When They Go Low, We Go High
Page 19
If the speech was ever delivered, it was given to the English troops who had assembled in Tilbury to resist invasion by the Spanish Armada. Relations between England and Spain had been tottering for years, and Philip II of Spain had twice supported plans to invade England and place Mary Stuart on the throne. Elizabeth hadn’t exactly eased the tension with her refusal of Philip’s courtship. It broke after the execution of Mary Stuart, who shortly before her death had written to Philip to make her claim on the English throne. He greeted her death as the invitation to enforce that claim.
On 28 May 1588, Philip’s naval fighting force left Spain for England. As the Spanish Armada gathered in the North Sea there was also a large and professional Spanish army in the Low Countries. The force of the words that follow derives from the troubling fact that, as Elizabeth steps up to speak, England faces genuine peril.
My loving people, we have been persuaded by some that are careful of our safety, to take heed how we commit ourselves to armed multitudes, for fear of treachery; but I assure you I do not desire to live to distrust my faithful and loving people. Let tyrants fear.
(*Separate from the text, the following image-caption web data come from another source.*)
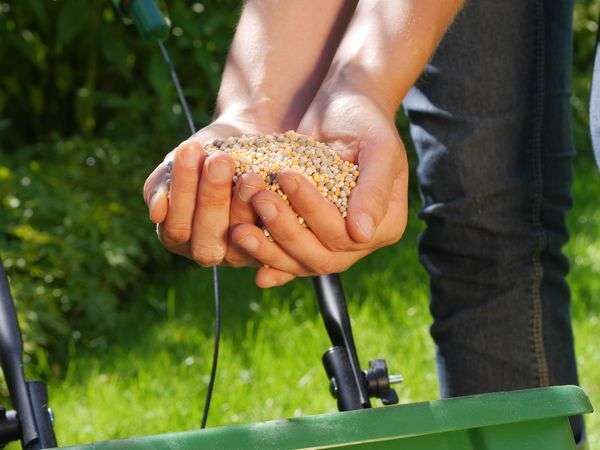 SUBSTRAL Rasendnger mit Unkrautvernichter f. 400m 9 kg | Kiesundco
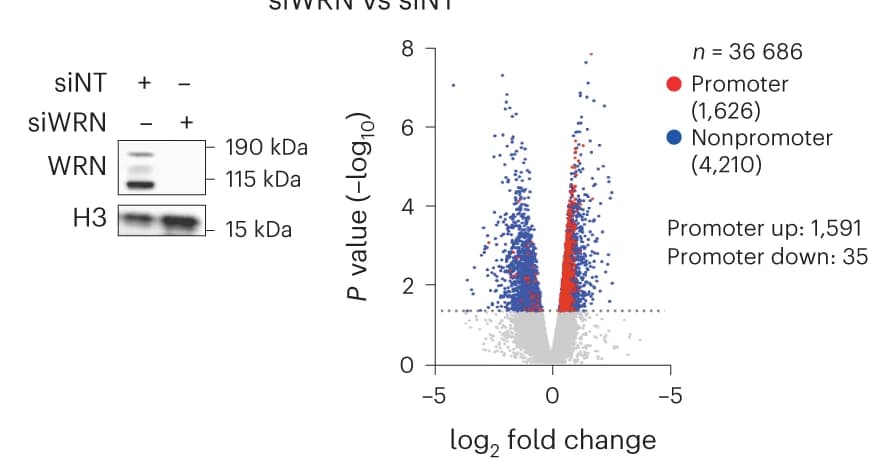 Open access visualization of Volcano Plot, Gel, siRNA, WRN, Helicase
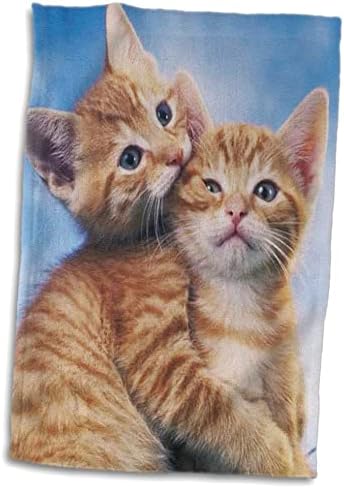 Кърпи за котки 3dRose Florene - Kitten Love - (twl-33337-1)
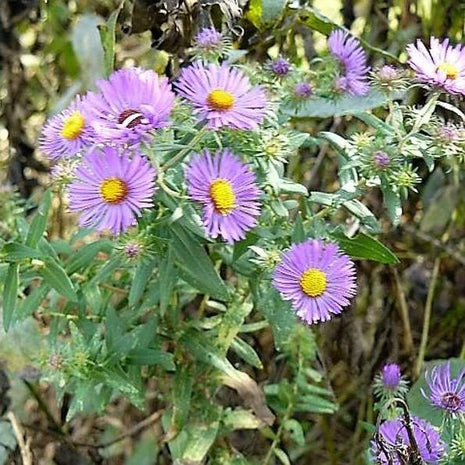 Purple NEW ENGLAND ASTER (Michaelmas Daisy) Aster Novae var Angliae Flower Seeds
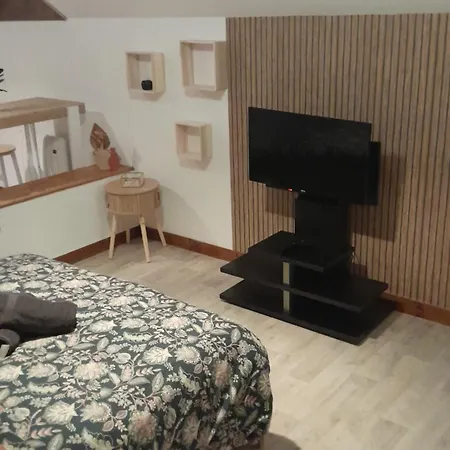 Apartment 5 Cosy De La Demi-lune *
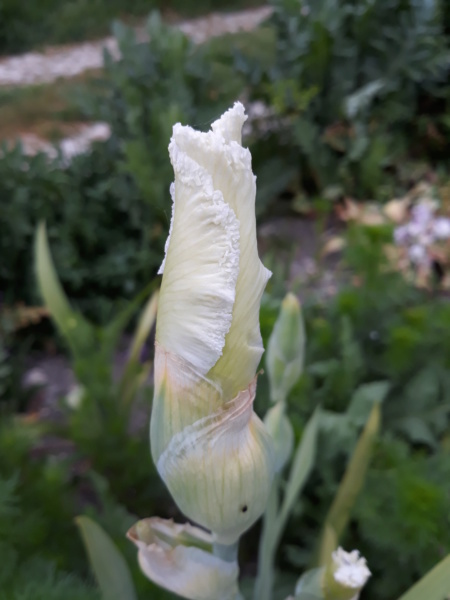 Iris blanc - Flora [identification en cours] 20200288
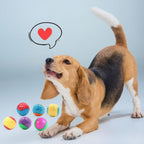 6-Pack Squeaky Rubber Dog Balls – Interactive Fetch & Chew Toy for Small & Medium Dogs (6.5cm)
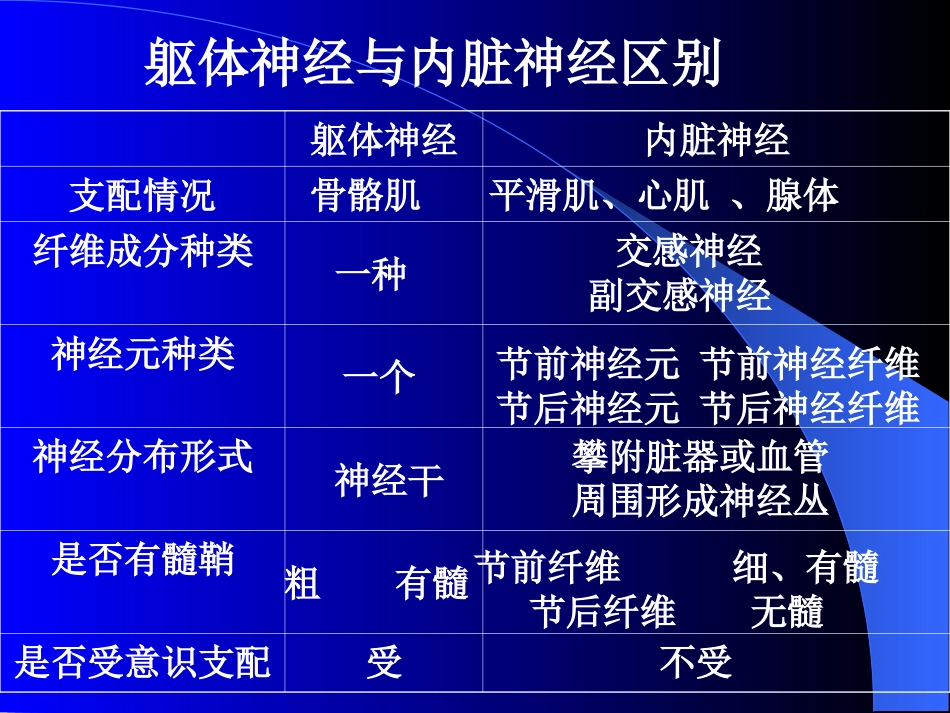 神经解剖内脏神经_第2页
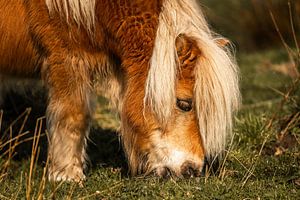 Shetlandpony van Jeroen Mikkers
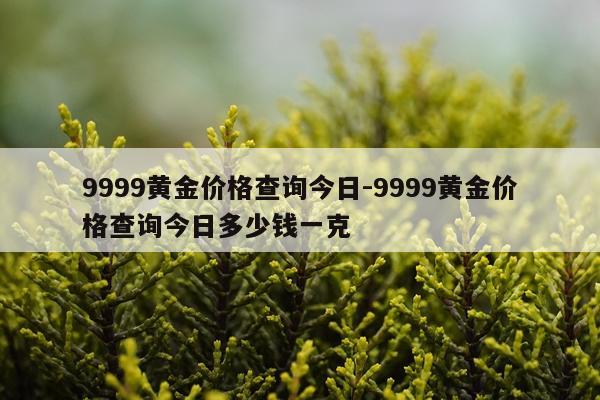 9999黄金价格查询今日-9999黄金价格查询今日多少钱一克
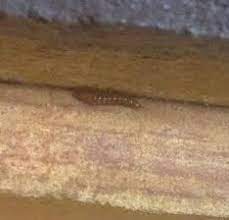 Finding little bugs and worms in your cabinets can be unexpected and unpleasant, especially when in or around food. Worms Or Larvae In Kitchen Drawers And On Counters All About Worms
This speech is a telling example of the idea of character in rhetoric, and the character Elizabeth is playing, to great effect here, is the nation itself. There is a scholarly controversy about whether Elizabeth created this sense of formidable character by her physical image. Many of the historical and pictorial accounts of the occasion depict the queen on the back of a white steed in, variously, different types of armour, a white gown with a steel corselet, wielding a truncheon and sporting a helmet with a plume of feathers. The typical armoured representation is Britomart, an allegorical character in Spenser’s epic poem The Faerie Queen who stands for English virtue and military power. It is more than likely that these representations depict the character Elizabeth was displaying rather than the clothing she actually wore.
In his famous trinity of rhetorical virtues, Aristotle distinguished the appeal to rational argument (logos) from the call on the emotions (pathos). But the hardest of the three elements to manufacture was ethos, the character of the speaker, the sense of the personal communicated when a speaker stands alone. The word ‘character’ has an important dual connotation. Character is a set of virtues we display which add up to who we are. But we also use the word ‘character’ to describe a figure in fiction. That usage too is relevant to rhetoric, and it is highly relevant to the imagined community of the nation.
In the case of Elizabeth, the character on display is an enhanced version of the actual person who had stood nervously at the mouth of the river Thames a few moments before. Elizabeth Tudor has one major advantage over any other speaker. She is the Queen of England. She is the nation. She uses this immediately to define her character. She identifies here at once with the people, seeking authority from the subjects she is addressing. She does this by refusing to doubt their fidelity to a task that is, by implication, bound to be onerous. She transfers the fear that she will be feeling and that her audience and soldiers will have been feeling onto the absent tyrant.
I have always so behaved myself that, under God, I have placed my chiefest strength and safeguard in the loyal hearts and good-will of my subjects; and therefore I am come amongst you, as you see, at this time, not for my recreation and disport, but being resolved, in the midst and heat of the battle, to live and die amongst you all; to lay down for my God, and for my kingdom, and my people, my honour and my blood, even in the dust.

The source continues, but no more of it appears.